The Court of Appeals in applying these principles of construction concluded that the keeping of poultry is clearly forbidden by the covenant's first clause, as chickens are "poultry." The Court then proceeded further to determine whether the covenant's second clause could reasonably be construed to allow poultry if kept as "household pets" and concluded that it does:
While the first clause forbids the keeping of any 'animals,' the second clause clearly allows the keeping of animals, so long as they are 'household pets' and otherwise not used for a commercial purpose. In the same way, where the first clause forbids the keeping of 'poultry,' the second clause could be reasonably read to allow poultry - which, we note, are animals - kept as 'household pets' and otherwise not kept for any commercial purpose.
The opinion notes that is case is similar to Steiner v.
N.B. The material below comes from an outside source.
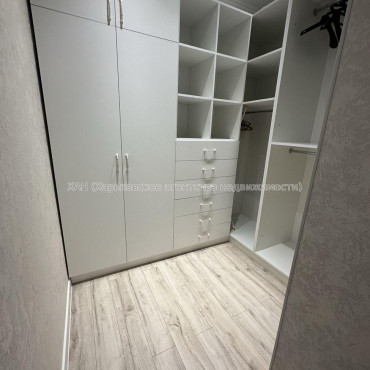 Продам квартиру, Дмитриевская ул. , 3  ком., 92 м², авторский дизайн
Windrow Estates Home Owners Ass'n, 213 N.C. App. 454, (2011) where the Court of Appeals determined that two Nigerian Dwarf goats would be permitted by a "household pet" exception to a restrictive covenant providing that "[n]o animals, livestock or poultry of any kind shall be raised, bred or kept on any lot except that horses, dogs, cats or other [household] pets may be kept provided they are not kept, bred, or maintained for any commercial purposes[.]" That panel of the Court of Appeals held that this allowed "virtually any animal which may be treated as a 'household pet' to be kept on the homeowner's property..." and that the term "household pets" could include pets kept outdoors in the yard.
Deciding that the keeping of hens is not per se forbidden by the 1998 covenant, the Court none the less opined that the defendants were not entitled to summary judgment as there remains a disputed issue as to whether they indeed keep their hens "as household pets and not otherwise for any commercial purpose."
In early 2020, an amendment to subdivision's covenants was recorded allowing lot owners to keep up to five (5) hens. Based on this amendment, the defendants sought relief from the 2019 injunction under Rule 60(b)(5) of the North Carolina Rules of Civil Procedure contained in the 2019 summary judgment. Contending that as to the injunction "it is no longer equitable that the judgment should have prospective application." The trial court concluded that the 2020 covenant was not valid because it had not been "properly executed..." and denied relief. The Court of Appeals affirmed on this issue after an analysis that concluded that the written agreement to amend required spousal signature that were absent. The opinion recognized that spousal joinder is not required for an amendment by a vote at an open meeting with proper notice. The Court's analysis will be of interest to HOA counsel seeking to effectively document covenant amendments and to trial counsel seeking to contest the validity of such amendments. This opinion will also be useful for counsel seeking to advise property owners on covenant restrictions affecting animals that are not considered by most to be "pets".